WHAT IS REQUIRED: No image is to be carried over; reproduce the rest of the listing word for word.

DATA BLOCK:
------------

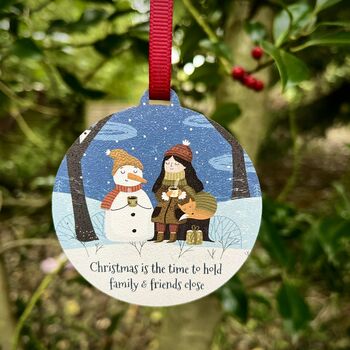 Family And Friends Snowman Decoration Christmas Card, 2 of 4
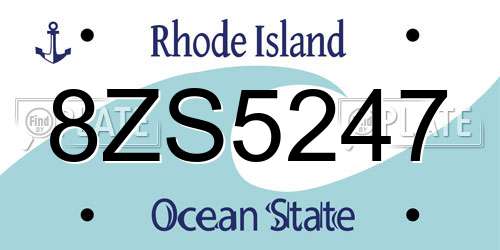 8ZS5247 Rhode Island License Plate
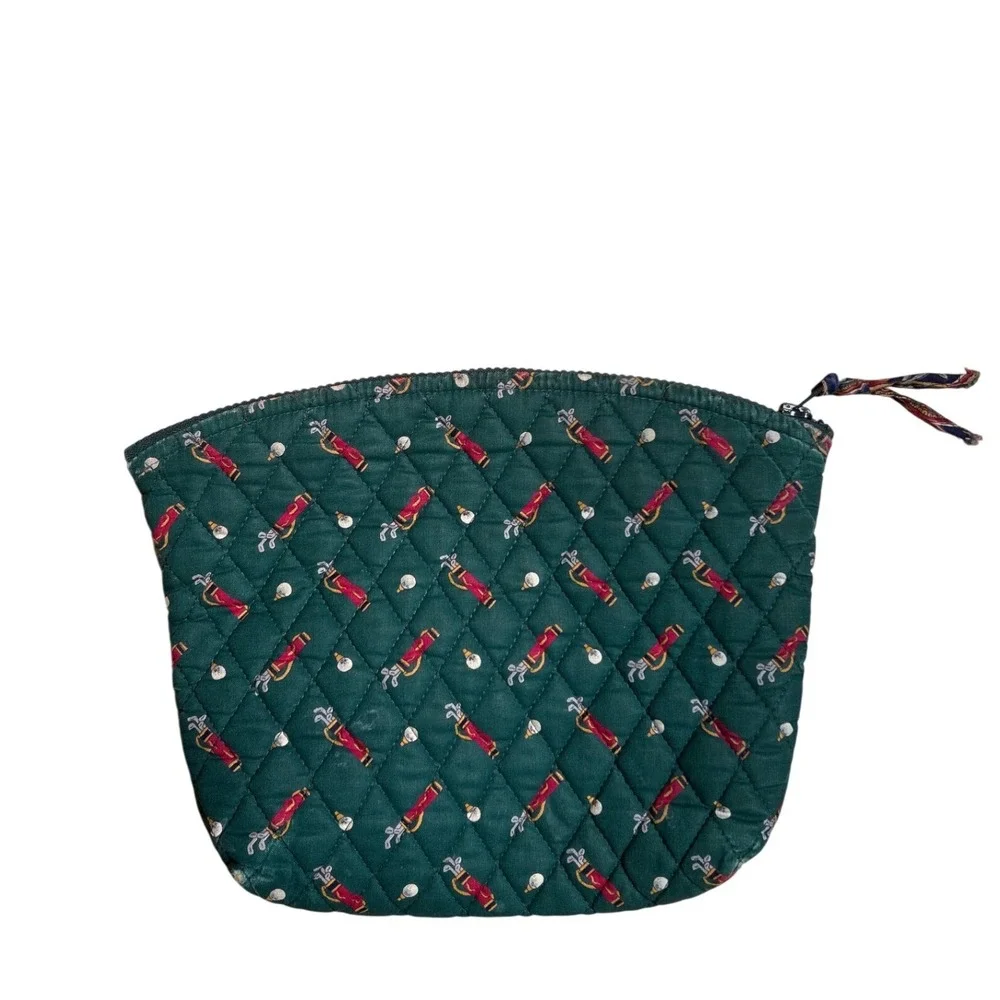 VTG Vera Bradley Quilted Golf Print Cosmetic Bag‎ Green Red 11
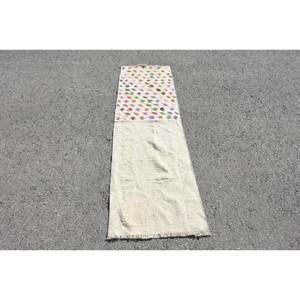 Tapis Ethnique en Laine Blanche 2x6.7ft Tapis de Couloir Rectangle Turc Décor de Salon avec Design Patchwork et Support en Latex - Product Image 1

------------

TASK RESULT:
 Family And Friends Snowman Decoration Christmas Card, 2 of 4
 8ZS5247 Rhode Island License Plate
 VTG Vera Bradley Quilted Golf Print Cosmetic Bag‎ Green Red 11
 Tapis Ethnique en Laine Blanche 2x6.7ft Tapis de Couloir Rectangle Turc Décor de Salon avec Design Patchwork et Support en Latex - Product Image 1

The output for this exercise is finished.